▶ Working data:
::::::

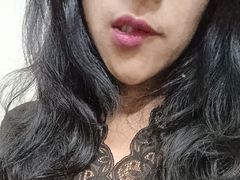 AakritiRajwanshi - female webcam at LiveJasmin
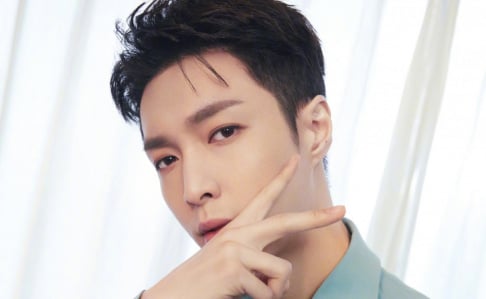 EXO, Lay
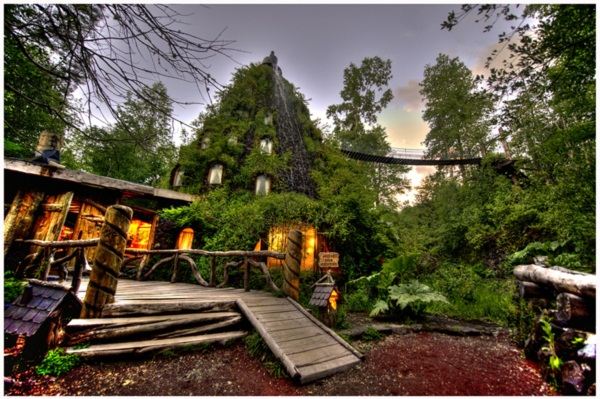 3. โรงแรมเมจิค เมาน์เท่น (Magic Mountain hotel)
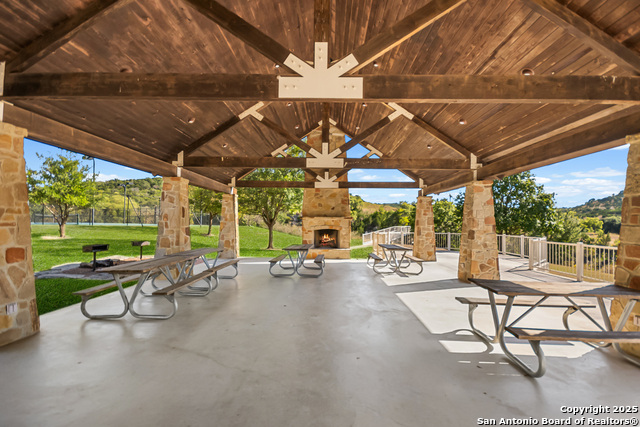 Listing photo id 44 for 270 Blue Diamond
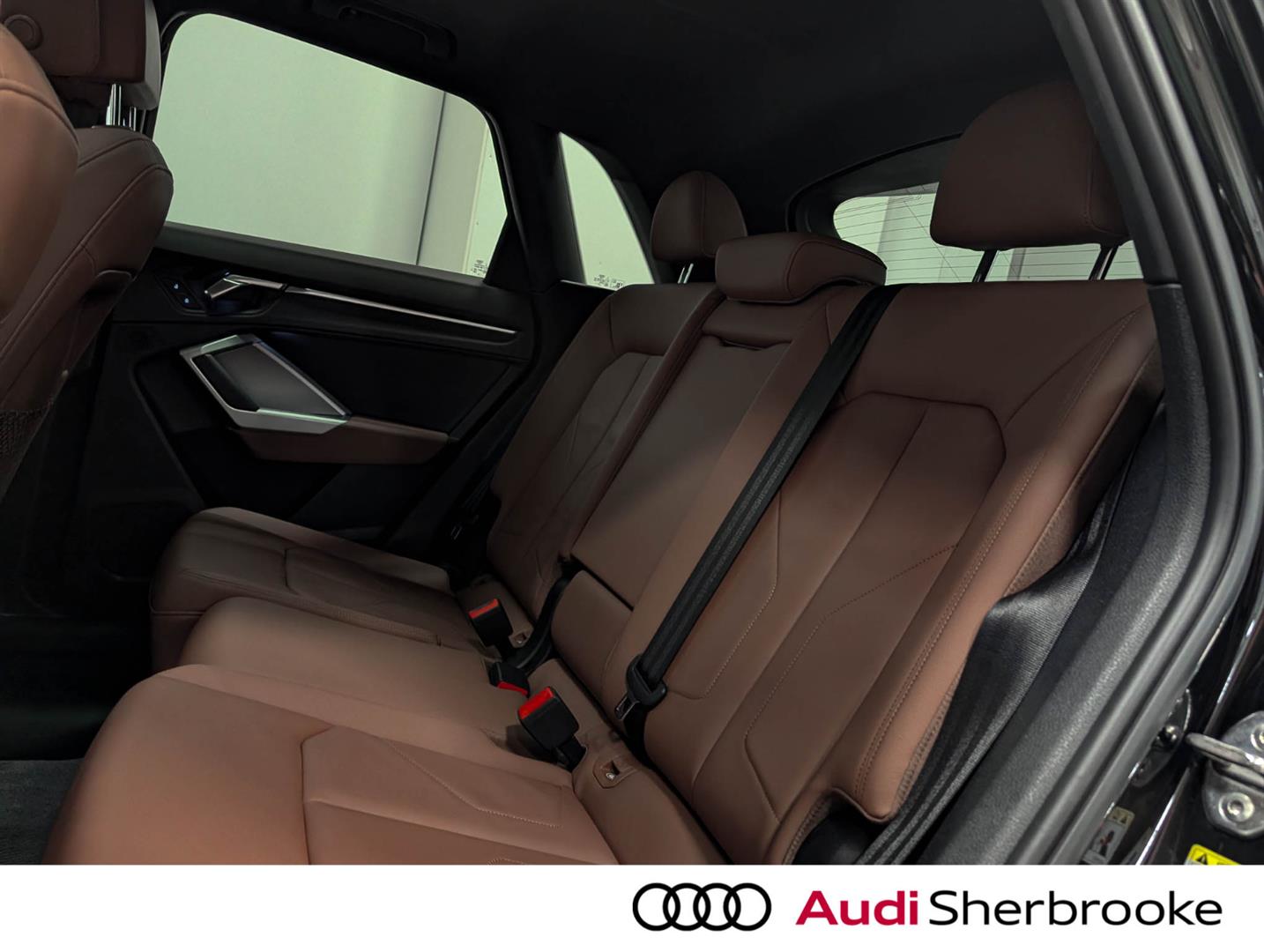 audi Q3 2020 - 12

::::::

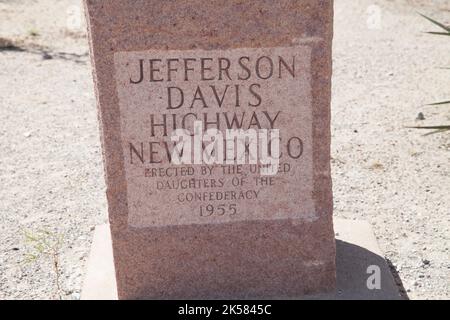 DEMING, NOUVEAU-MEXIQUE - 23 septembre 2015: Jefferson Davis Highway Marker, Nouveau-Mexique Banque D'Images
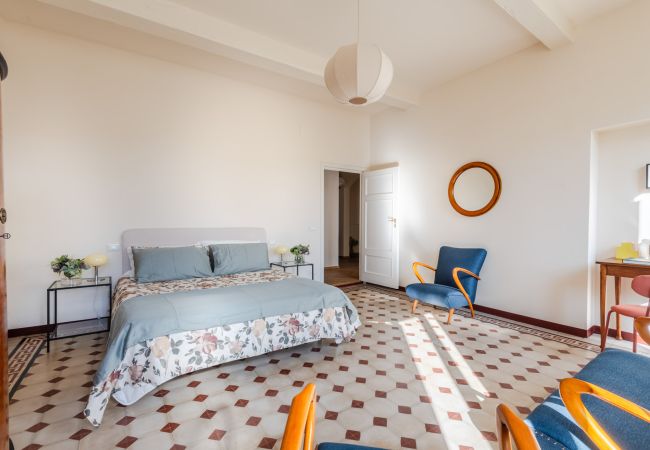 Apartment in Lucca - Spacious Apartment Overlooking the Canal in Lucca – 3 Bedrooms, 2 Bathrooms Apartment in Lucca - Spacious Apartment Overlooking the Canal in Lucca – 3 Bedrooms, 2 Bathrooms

::::::

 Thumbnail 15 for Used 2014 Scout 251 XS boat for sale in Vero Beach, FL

::::::

▶ Exercise instructions: Look above and copy only the lines from the one holding "3. โรงแรมเมจิค เมาน์เท่น" to the one holding "audi Q3 2020 - 12", both included, exactly, minus the pictures.

▶ Written response:
 3. โรงแรมเมจิค เมาน์เท่น (Magic Mountain hotel)
 Listing photo id 44 for 270 Blue Diamond
 audi Q3 2020 - 12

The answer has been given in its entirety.